Embora retratar a força feminina de uma forma explícita seja importante para inspirar diretamente, Déborah comenta como mostrar a fragilidade e a sensibilidade feminina também é um ato empoderador. "O sofrimento da mulher em várias instâncias, mas nunca a mulher colocada como vítima. Um olhar da mulher, quando conta seu sofrimento, para que outras mulheres possam perceber".

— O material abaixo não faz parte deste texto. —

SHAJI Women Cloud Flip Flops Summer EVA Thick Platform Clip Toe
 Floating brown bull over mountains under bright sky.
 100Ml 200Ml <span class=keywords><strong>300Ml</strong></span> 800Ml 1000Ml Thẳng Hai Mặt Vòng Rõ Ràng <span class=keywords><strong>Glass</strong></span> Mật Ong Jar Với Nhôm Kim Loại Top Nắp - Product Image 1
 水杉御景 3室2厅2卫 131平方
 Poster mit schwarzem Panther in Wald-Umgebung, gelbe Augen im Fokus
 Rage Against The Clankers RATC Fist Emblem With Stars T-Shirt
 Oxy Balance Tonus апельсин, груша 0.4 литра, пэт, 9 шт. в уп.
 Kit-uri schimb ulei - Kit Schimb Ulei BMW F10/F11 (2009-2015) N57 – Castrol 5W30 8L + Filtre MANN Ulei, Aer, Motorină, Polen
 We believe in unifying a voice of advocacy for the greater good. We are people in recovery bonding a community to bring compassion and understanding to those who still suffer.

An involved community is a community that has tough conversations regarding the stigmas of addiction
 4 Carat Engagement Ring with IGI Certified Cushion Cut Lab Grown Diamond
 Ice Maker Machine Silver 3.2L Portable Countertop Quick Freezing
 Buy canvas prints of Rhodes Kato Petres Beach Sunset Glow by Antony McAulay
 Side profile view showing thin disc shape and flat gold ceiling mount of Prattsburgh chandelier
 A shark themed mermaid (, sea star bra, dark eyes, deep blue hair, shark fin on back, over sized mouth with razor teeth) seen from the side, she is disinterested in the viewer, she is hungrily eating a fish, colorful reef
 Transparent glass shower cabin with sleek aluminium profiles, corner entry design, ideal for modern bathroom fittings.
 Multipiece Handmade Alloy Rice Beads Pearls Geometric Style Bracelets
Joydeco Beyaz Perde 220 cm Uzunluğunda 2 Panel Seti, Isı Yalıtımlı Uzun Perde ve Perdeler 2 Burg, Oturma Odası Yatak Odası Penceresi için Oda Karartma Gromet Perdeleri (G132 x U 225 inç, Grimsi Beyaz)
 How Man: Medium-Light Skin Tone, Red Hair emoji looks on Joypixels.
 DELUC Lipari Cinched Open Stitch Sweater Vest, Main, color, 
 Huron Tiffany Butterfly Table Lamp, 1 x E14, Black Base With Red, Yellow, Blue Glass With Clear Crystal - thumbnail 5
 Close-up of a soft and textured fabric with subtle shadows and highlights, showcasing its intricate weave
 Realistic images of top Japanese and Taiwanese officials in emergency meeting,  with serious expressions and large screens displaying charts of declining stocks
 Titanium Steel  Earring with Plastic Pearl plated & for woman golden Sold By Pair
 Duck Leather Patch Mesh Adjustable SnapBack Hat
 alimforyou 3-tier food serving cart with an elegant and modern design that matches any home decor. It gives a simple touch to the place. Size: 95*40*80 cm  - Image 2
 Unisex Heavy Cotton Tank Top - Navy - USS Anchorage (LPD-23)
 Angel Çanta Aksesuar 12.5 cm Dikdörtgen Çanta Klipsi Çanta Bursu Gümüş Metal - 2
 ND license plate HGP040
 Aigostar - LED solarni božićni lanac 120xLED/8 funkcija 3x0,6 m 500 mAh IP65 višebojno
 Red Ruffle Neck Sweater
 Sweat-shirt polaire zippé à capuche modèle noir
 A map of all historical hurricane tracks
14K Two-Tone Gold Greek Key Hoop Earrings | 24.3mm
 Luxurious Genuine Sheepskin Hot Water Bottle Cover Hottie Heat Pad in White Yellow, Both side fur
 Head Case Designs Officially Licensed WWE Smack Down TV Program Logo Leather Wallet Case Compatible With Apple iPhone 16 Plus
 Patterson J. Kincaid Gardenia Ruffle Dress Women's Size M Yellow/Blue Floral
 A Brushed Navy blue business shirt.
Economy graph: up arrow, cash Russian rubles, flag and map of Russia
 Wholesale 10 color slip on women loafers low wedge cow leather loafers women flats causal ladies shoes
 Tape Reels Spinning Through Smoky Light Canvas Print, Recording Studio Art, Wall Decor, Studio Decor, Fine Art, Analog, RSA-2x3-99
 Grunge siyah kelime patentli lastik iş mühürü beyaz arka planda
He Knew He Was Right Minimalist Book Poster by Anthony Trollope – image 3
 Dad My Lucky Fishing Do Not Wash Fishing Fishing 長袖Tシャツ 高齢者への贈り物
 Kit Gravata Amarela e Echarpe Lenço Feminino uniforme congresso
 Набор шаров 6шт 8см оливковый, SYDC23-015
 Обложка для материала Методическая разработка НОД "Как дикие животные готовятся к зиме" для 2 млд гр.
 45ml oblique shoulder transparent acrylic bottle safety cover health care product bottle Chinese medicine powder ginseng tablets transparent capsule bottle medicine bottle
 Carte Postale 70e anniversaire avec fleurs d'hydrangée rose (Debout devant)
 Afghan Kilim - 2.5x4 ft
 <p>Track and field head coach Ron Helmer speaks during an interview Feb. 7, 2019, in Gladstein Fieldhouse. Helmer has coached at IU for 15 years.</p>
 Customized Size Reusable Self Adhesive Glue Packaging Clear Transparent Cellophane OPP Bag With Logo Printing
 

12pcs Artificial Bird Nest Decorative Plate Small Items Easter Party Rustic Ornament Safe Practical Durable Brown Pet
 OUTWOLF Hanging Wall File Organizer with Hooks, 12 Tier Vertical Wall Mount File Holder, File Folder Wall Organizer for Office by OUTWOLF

Ou seja, a revista também visou atuar para que o público se identificasse entre si. "Tem alguns problemas que as mulheres enfrentam que não diz respeito só a uma biografia particular, mas está inserido numa trama que tem a ver com o papel da mulher no mundo. Um acolhimento da fragilidade", reforça.
Impulsionar uma revolução através do jornalismo nunca foi o objetivo da Marie Claire, mas ela acabou influenciando nesse aspecto através das entrelinhas. Reconhecendo os aspectos positivos e negativos que o veículo apresentou no decorrer dos anos, Déborah considera a revista um fator importante para a liberdade feminina. "É pela igualdade social, no sentido dos direitos. Se o trabalho é igual, quero receber igual. Quero ter direitos iguais, mas também o direito a diferença".
"Eu sinto como eu sinto. Eu amo quem eu amo. Eu vivo minha sexualidade como eu quiser. Então eu acho que esse é o legado que vinga até hoje. Você planta as sementes e algumas morrem no caminho, mas a coisa vinga", conclui.